İki nükleer güç arasında haftalardır süren gerilim, sıcak çatışmaya dönüştü. Hindistan dün gece Pakistan'a saldırı düzenledi, Pakistan da kısa süre içinde bu saldırılara yanıt verdi. Hindistan'ın saldırılarında 26 kişi öldü, Hint yönetimi de Pakistan'ın misilleme saldırılarında 10 sivilin öldüğünü açıkladı.
Pakistan ordusunun sözcüsü yaptığı açıklamada, Hindistan’ın kısa bir süre önce Pakistan topraklarına üç ayrı bölgeden füze saldırısı düzenlediğini duyurdu. Pakistan ordusuna bağlı Servisler Arası Halkla İlişkiler (ISPR) Direktörü Korgeneral Ahmed Şerif Chaudhry, Hindistan'ın Bahwalpur, Muzaffarabad ve Kotli bölgelerine füze saldırısı düzenlediğini duyurarak, "Tüm jetlerimiz havadadır. Bu, Hindistan'ın hava sahası içinden gerçekleştirilen utanç verici ve korkakça bir saldırıdır. Pakistan bu saldırıya kendi seçtiği bir zamanda ve yerde karşılık verecek. Bu provokasyon cevapsız kalmayacak" dedi.

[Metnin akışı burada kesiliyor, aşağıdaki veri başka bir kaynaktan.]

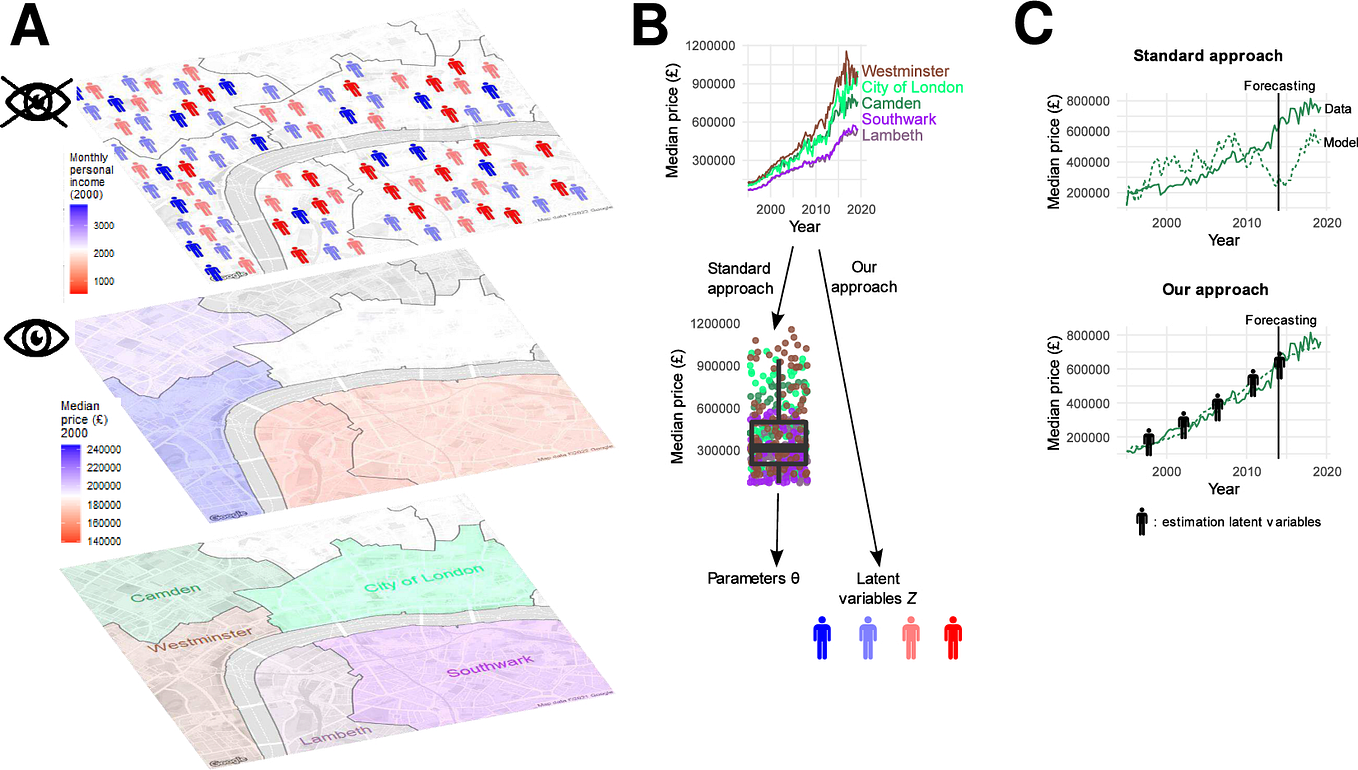 Implementing Monte Carlo Simulation in R: A Detailed Walkthrough | by ...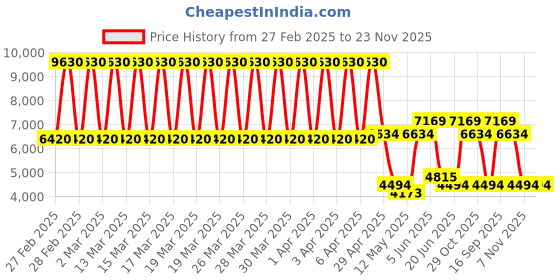 tatacliq.com Daniel Klein DK.1.13505-5 Exclusive Multifunction Watch for Women daniel klein Price History Graph from 27 Feb 2025 to 23 Nov 2025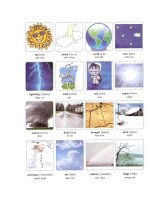 Các loại thời tiết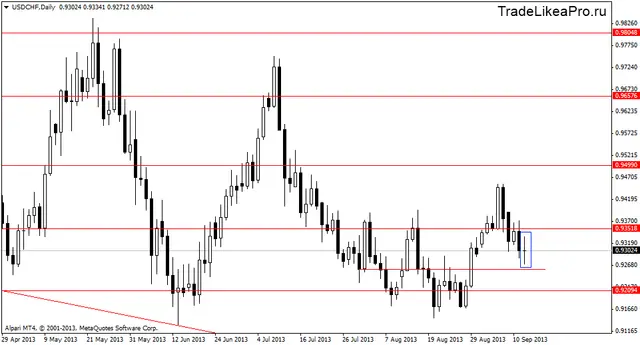 usdchfdaily 13092013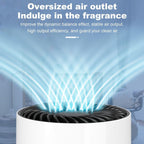 Car Air Purifier, Portable Ionic Air Purifiers,USB Power Supply,Remove Smoke Dust ,Removes Dust Pet Odors Pollen 2pcs
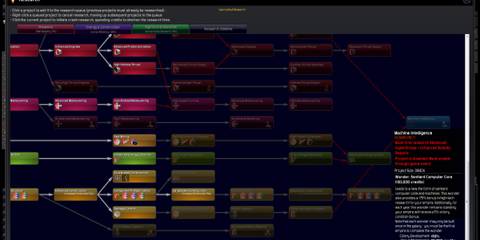 Distant Worlds Universe technology tree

Pakistan ordusu, Hindistan'ın saldırılarında 26 sivilin hayatını kaybettiğini, 46'sının yaralandığını açıkladı. Reuters haber ajansının aktardığına göre, Pakistan ordusunun Keşmir'in Hint kontrolündeki bölgesine saldırısında yedi Hindistanlı sivil öldü, 35 kişi de yaralandı. Pakistan güvenlik kaynakları, Hindistan'a ait 5 savaş uçağının düşürüldüğünü duyurdu.
Saldırıların ardından Pakistan'ın Pencap eyaletinde acil durum ilan edildi.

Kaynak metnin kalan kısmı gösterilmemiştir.